Levantó la mirada, se santiguó,
bendijo con la mano a las mujeres que le habían escuchado absortas y
emocionadas, y dando media vuelta se marchó por donde vino sin pronunciar una
palabra más.
Nunca se sabe de donde viene.
Tampoco su destino. Algunos creen que se trata de un monje, un fraile, un
religioso en definitiva. Así lo juzgan porque suele acompañarse de un Rosario
de madera, pequeño y sencillo, y se viste con largas vestiduras, que recuerdan
el hábito que lucen las personas de esa condición.
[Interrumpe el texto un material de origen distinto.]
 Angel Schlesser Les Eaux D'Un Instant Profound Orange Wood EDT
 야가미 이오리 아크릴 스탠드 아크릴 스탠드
Sin embargo, muchos de los
que se han cruzado en algún momento con él, intuyen que sus ropas son sólo eso,
ropas, que usa para cubrirse, y que esconde algo indefinible que, sin ser
amenazante, les causa vértigo y respeto...
NOTAS
(1) Luis II de Hungría, muerto en
la batalla de Mohács (1526)
(2) Fernando de Austria, hermano
de Carlos I de España.
(3) Era el nombre que recibían
los agentes de la autoridad en Castilla, desde el siglo XV.
(4) Demonio en hebreo.
(5) Su significado es “el que
cruzó”.
(6) El tiempo vuela.
(7) Versos de Jorge Manrique.
(8) “¡Dios mío!” en húngaro del
siglo XVI.
(9) Latín vulgar: “¡Quemadle!”
(10) Latín clásico: “Caiga su
sangre sobre nosotros y sobre nuestros hijos”, Evangelio de san Mateo, capítulo
27, versículo 24.
(11) Leonor de Habsburgo
(1534-1594), hija de Fernando de Austria y Ana de Bohemia.
(12) Latín clásico: “No serviré”,
lema de los ángeles caídos.
(13) La parca que cortaba el hilo de la vida.
(13) La parca que cortaba el hilo de la vida.